Tokenize banka mevduatları, stablecoin’lerin esnekliğinden ve teknik özelliklerinden yoksundur, bu da onları daha düşük kaliteli bir ürün yapar.
Omid Malekan
Dijital Ödemelerin Ekonomik Etkileri
Dijital ödemelerdeki düzenleyici değişimler ve teknoloji yenilikleri, sermaye akışları, finansal istikrar ve küresel ticaret verimliliğini etkileyen büyük ekonomik etkilere sahiptir. Toplam arzı 305 milyar doların üzerinde olan stablecoin’ler, maliyetleri azaltarak ve yerleşimleri hızlandırarak sınır ötesi ödemeleri ve havaleleri dönüştürme potansiyeliyle kripto araçlarından ana akım finansal enstrümanlara geçiyor. Projeksiyonlar, tokenize gerçek dünya varlık sektörünün 2028’e kadar daha iyi likidite ve DeFi bağlantılarıyla 2 trilyon dolara ulaşabileceğini öne sürüyor.
Ekonomik eğilimler, FDIC’nin tokenize mevduat sigortası rehberliği ve GENIUS Yasası’nın rezerv kuralları gibi çabaların, dolandırıcılık ve sistemsel istikrarsızlık gibi riskleri yönetirken faydaları yakalamayı amaçladığını gösteriyor. Örneğin, stablecoin’ler 150 milyar dolardan fazla ABD Hazine’si tutuyor, onları devlet borç piyasalarında kilit oyuncular yapıyor ve altyapı boşluklarını dolduran ortaklıklarla kurumsal güven büyüyor. Uzman Omid Malekan, stablecoin’lerin esneklik ve kullanışlılıkta tokenize mevduatları yendiğini savunuyor, çünkü mevduatların sınırlı kapsamı, bankasız nüfuslara hizmet etmeyi veya diğer varlıklarla entegrasyonu engelliyor.
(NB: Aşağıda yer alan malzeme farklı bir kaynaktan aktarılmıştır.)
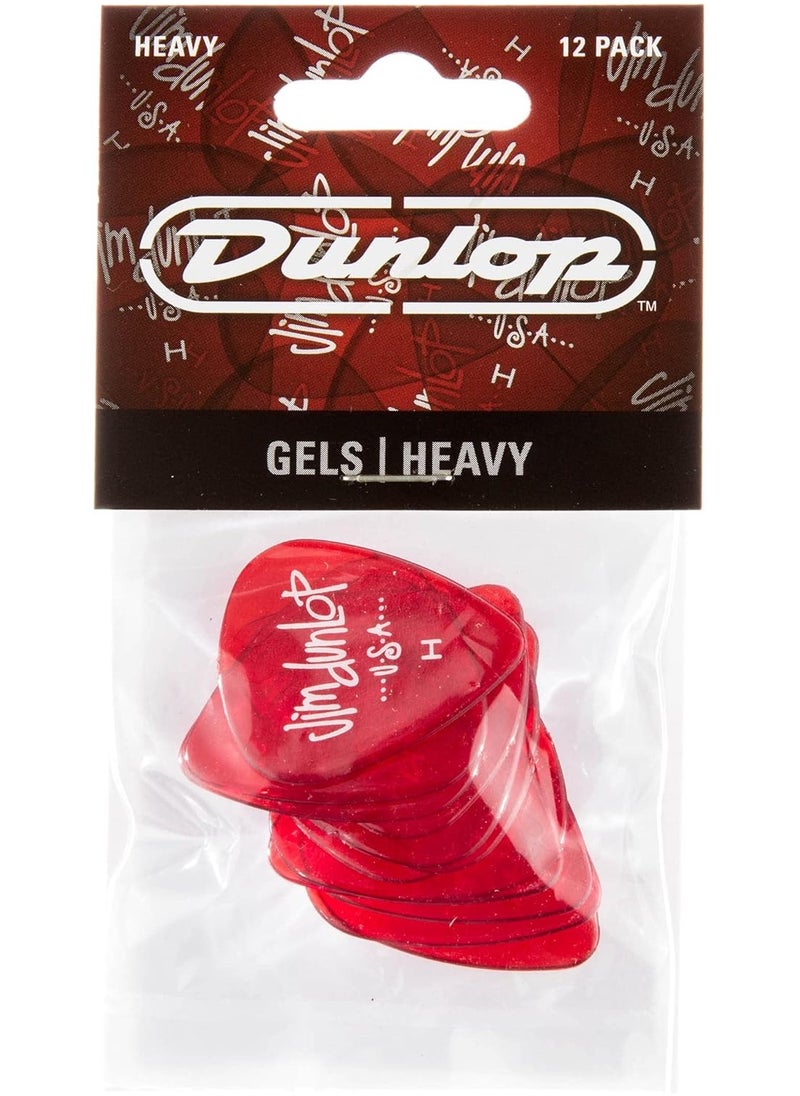 JIM DUNLOP JIM DUNLOP Guitar Picks (24486452012) Pack of 12 Size Heavy Red  - Image 1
DefiLlama’dan veriler, stablecoin’lerin hızlı yükselişini doğruluyor, ekonomik ağırlıklarını ve adil denetim ihtiyacını gösteriyor. Benimseme hızı konusunda görüşler farklılık gösteriyor: bazı düzenleyiciler hızlı değişikliklerin tüketicilere zarar verebileceğinden korkarken, diğerleri bunun yeniliği teşvik ettiğini savunuyor. Federal Rezerv Valisi Christopher Waller, piyasaları sağlıklı tutmak için kademeli benimsemeyi tercih ediyor, geleneksel finansı bozmadan kazançlar için kritik bir denge. Gelişmekte olan piyasalarda, stablecoin’ler parasal kaçışlar ve değer depoları olarak hizmet ederken, gelişmiş piyasalarda daha çok spekülasyon ve kurumsal amaçlar için kullanılıyor.
Sonuçta, dijital ödeme çözümleri teknoloji ilerlemeleri, kurumsal ilgi ve düzenleyici ayarlamalarla evrimleşmeye devam edecek. Stratejiler, işlevsel çerçeveler için uyarlanabilir risk kontrolü ve uluslararası politika koordinasyonu gerektiriyor, küresel ekonomiye sürdürülebilir entegrasyonu sağlıyor. Kanıta dayalı yöntemleri kullanarak, paydaşlar belirsizlikleri yönetebilir ve fırsatları değerlendirebilir, kripto piyasası olgunlaştıkça ve daha geniş kabul gördükçe tarafsızdan olumluya bir etkiyi destekleyebilir.
Stablecoin’ler euroyu zayıflatabilir ve özel yerleşim çözümlerinin koordinesiz çoğalmasına yol açabilir.